*** Exercise material Section Begins ***

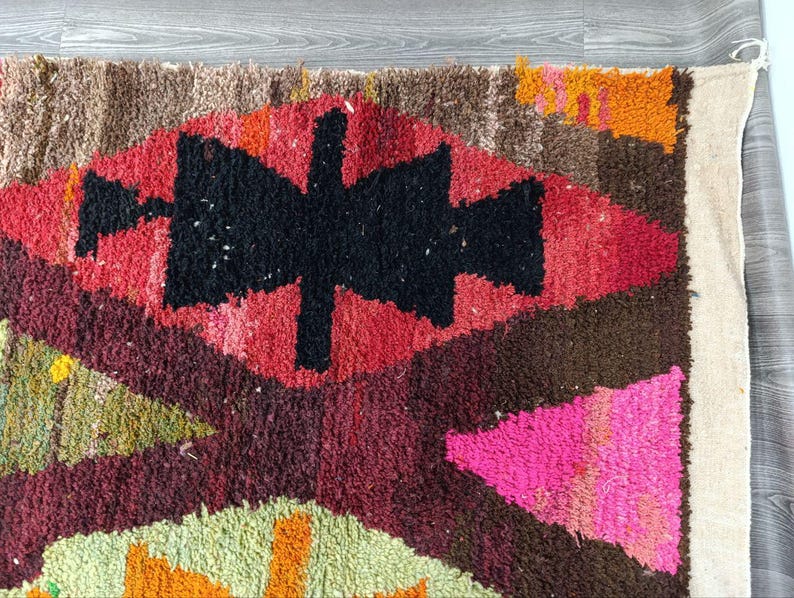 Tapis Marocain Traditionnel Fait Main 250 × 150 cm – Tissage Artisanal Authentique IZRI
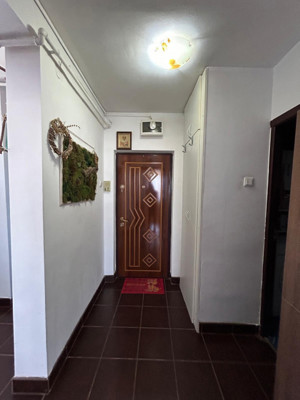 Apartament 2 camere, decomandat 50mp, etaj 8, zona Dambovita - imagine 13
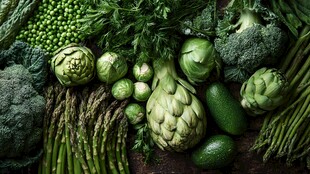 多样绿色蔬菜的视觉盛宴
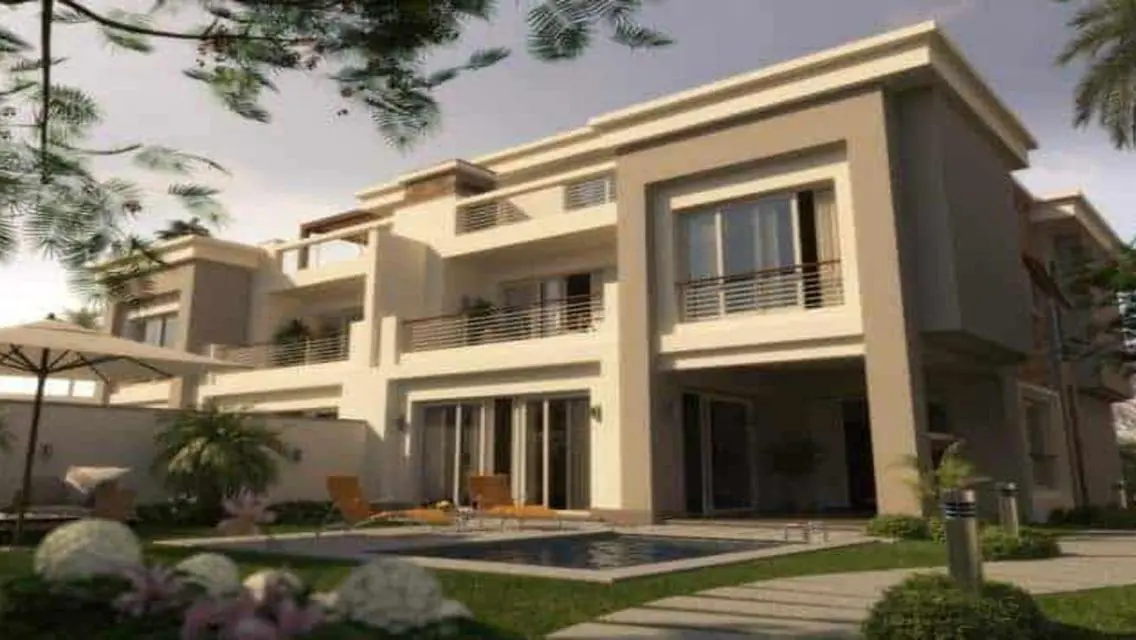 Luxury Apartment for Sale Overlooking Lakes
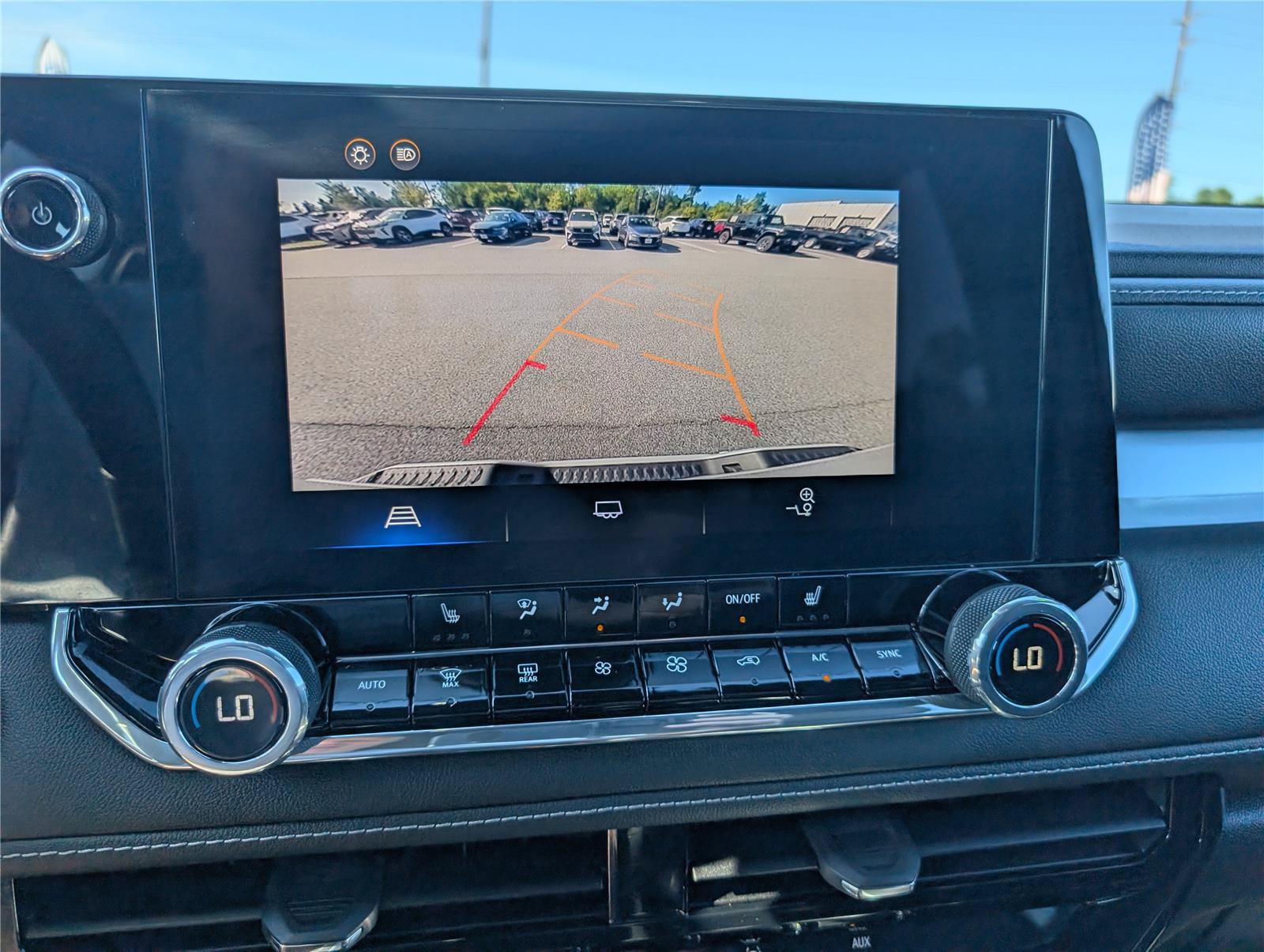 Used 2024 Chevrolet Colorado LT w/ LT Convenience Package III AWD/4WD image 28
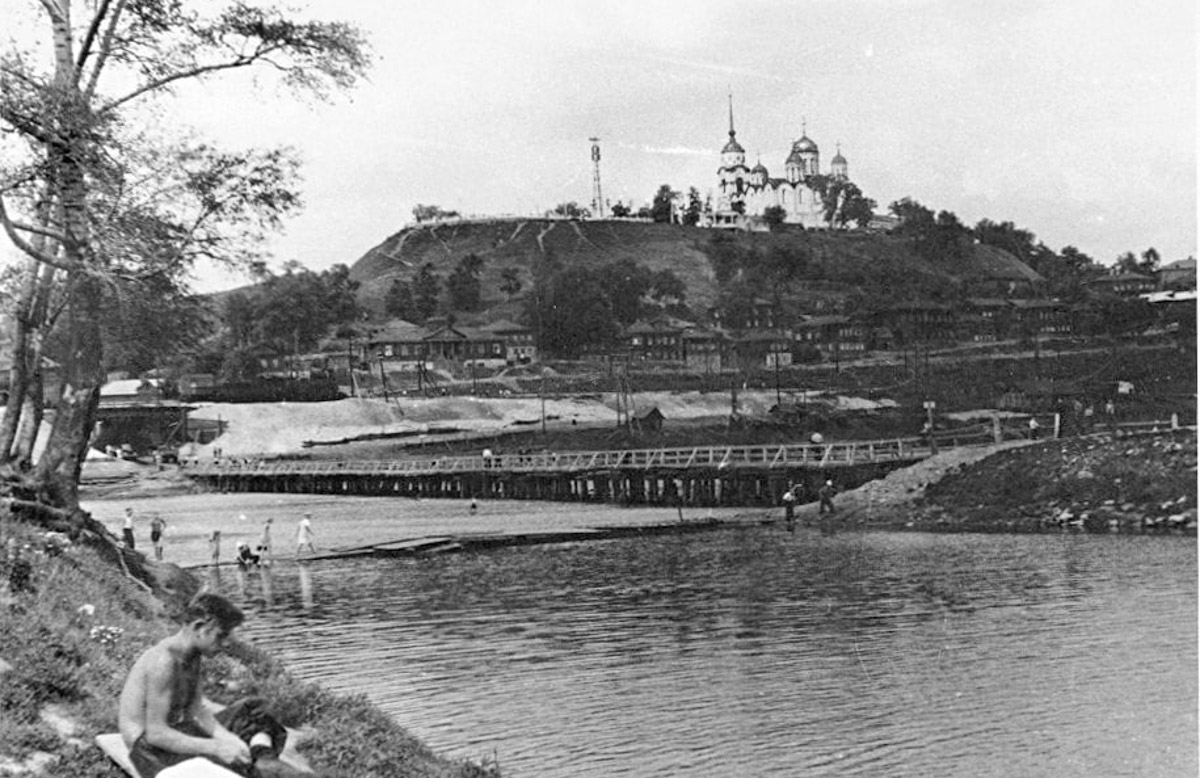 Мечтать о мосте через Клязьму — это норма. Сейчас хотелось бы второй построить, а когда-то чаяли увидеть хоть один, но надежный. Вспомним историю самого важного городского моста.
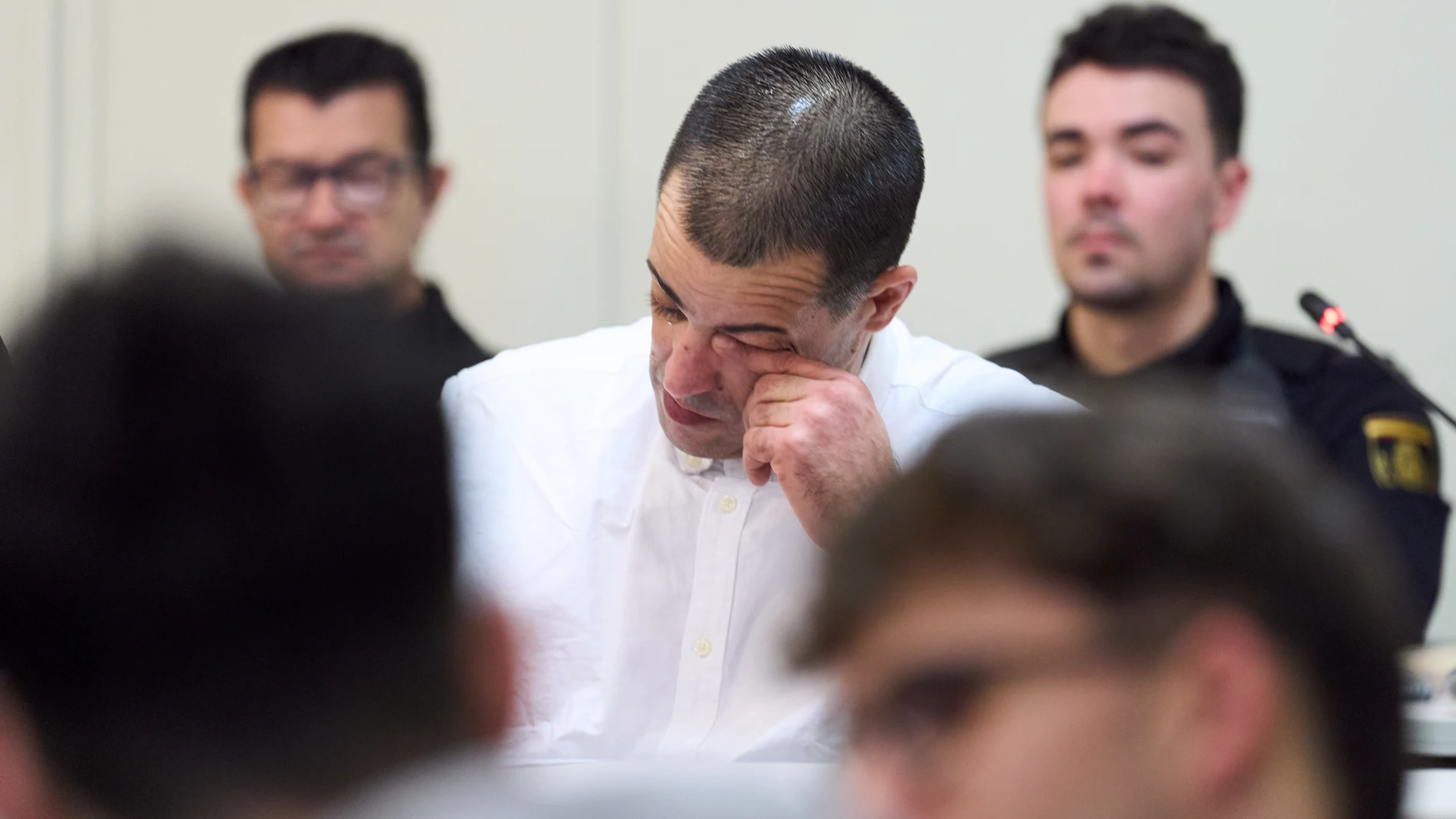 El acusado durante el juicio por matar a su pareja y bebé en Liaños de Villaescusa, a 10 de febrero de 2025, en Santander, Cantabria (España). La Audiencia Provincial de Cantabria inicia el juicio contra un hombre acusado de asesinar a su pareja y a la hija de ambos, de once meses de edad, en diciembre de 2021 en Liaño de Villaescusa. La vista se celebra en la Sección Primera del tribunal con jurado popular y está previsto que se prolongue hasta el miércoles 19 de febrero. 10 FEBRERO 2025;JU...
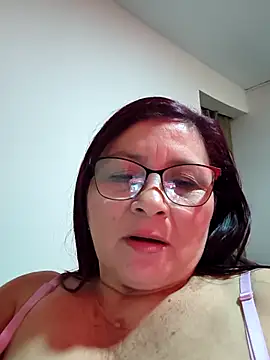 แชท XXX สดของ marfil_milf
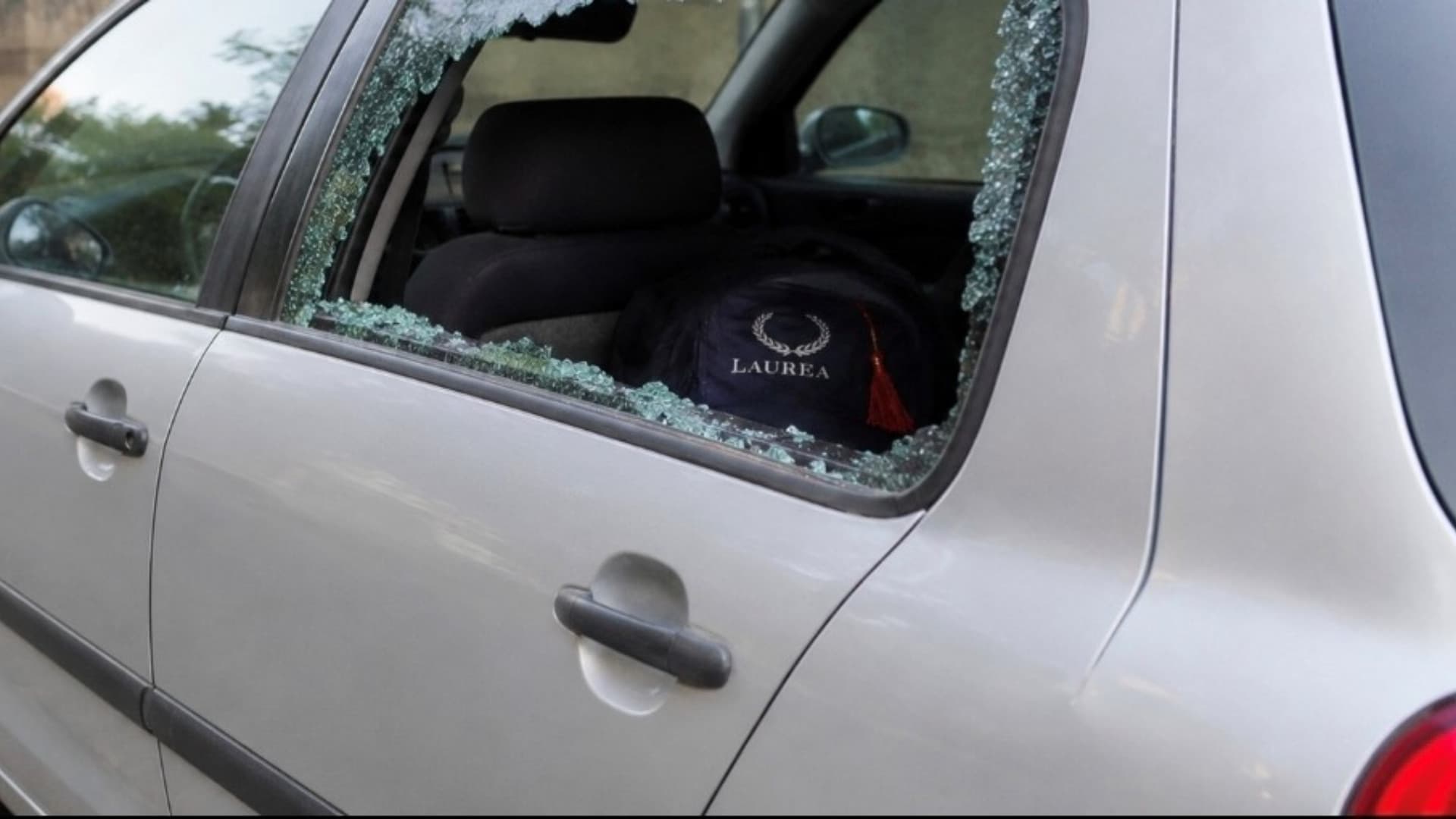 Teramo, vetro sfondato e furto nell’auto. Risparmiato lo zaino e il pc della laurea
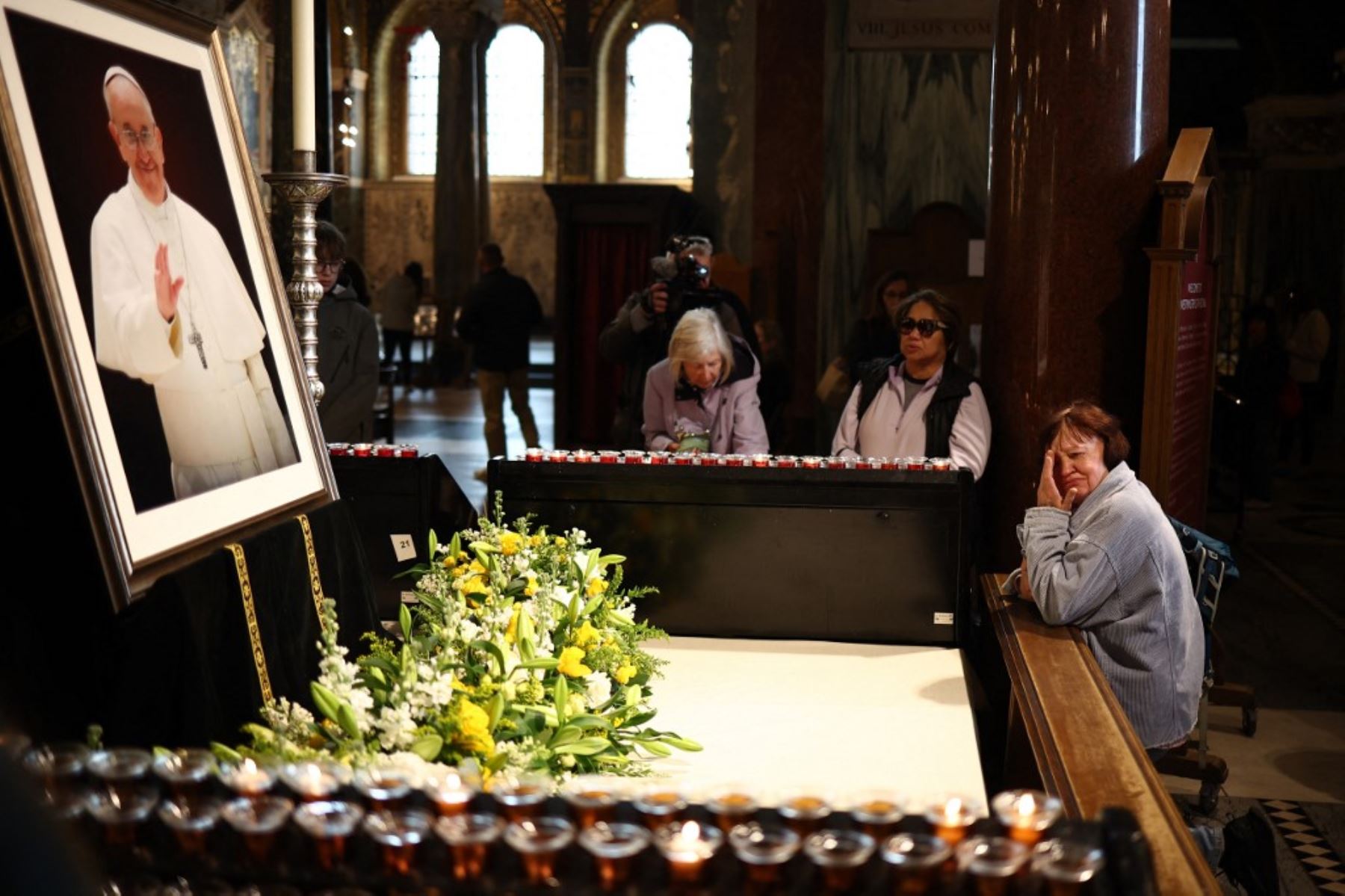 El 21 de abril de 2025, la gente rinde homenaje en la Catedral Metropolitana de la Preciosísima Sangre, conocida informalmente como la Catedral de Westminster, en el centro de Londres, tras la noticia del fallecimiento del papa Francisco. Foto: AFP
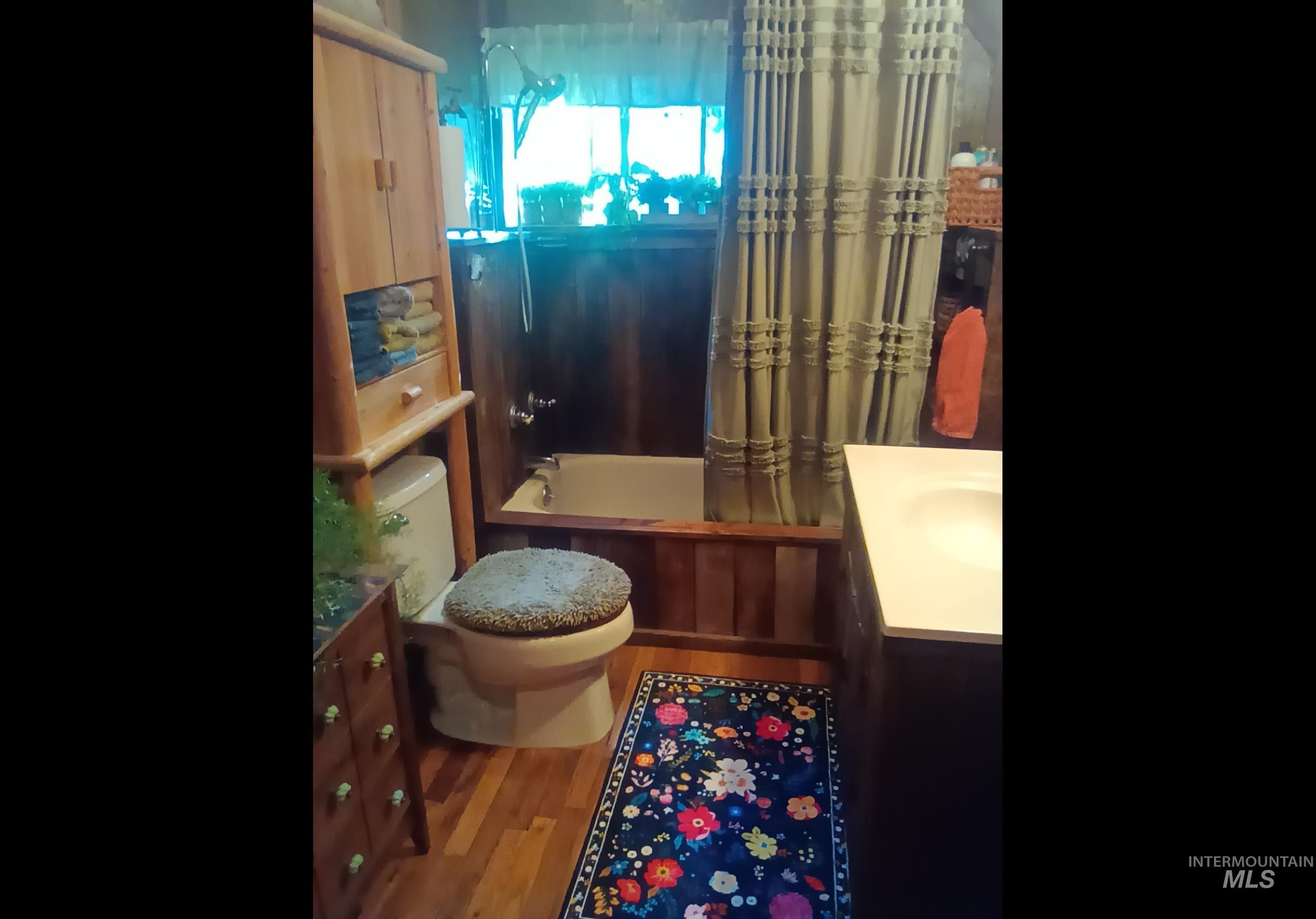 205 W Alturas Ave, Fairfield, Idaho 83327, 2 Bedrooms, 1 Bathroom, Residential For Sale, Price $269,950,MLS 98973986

*** Exercise material Section Ends ***

■ Problem: Go through the entries and retype them exactly, except for the images.

■ Response to the task:
 Tapis Marocain Traditionnel Fait Main 250 × 150 cm – Tissage Artisanal Authentique IZRI
 Apartament 2 camere, decomandat 50mp, etaj 8, zona Dambovita - imagine 13
 多样绿色蔬菜的视觉盛宴
 Luxury Apartment for Sale Overlooking Lakes
 Used 2024 Chevrolet Colorado LT w/ LT Convenience Package III AWD/4WD image 28
 Мечтать о мосте через Клязьму — это норма. Сейчас хотелось бы второй построить, а когда-то чаяли увидеть хоть один, но надежный. Вспомним историю самого важного городского моста.
 El acusado durante el juicio por matar a su pareja y bebé en Liaños de Villaescusa, a 10 de febrero de 2025, en Santander, Cantabria (España). La Audiencia Provincial de Cantabria inicia el juicio contra un hombre acusado de asesinar a su pareja y a la hija de ambos, de once meses de edad, en diciembre de 2021 en Liaño de Villaescusa. La vista se celebra en la Sección Primera del tribunal con jurado popular y está previsto que se prolongue hasta el miércoles 19 de febrero. 10 FEBRERO 2025;JU...
 แชท XXX สดของ marfil_milf
 Teramo, vetro sfondato e furto nell’auto. Risparmiato lo zaino e il pc della laurea
 El 21 de abril de 2025, la gente rinde homenaje en la Catedral Metropolitana de la Preciosísima Sangre, conocida informalmente como la Catedral de Westminster, en el centro de Londres, tras la noticia del fallecimiento del papa Francisco. Foto: AFP
 205 W Alturas Ave, Fairfield, Idaho 83327, 2 Bedrooms, 1 Bathroom, Residential For Sale, Price $269,950,MLS 98973986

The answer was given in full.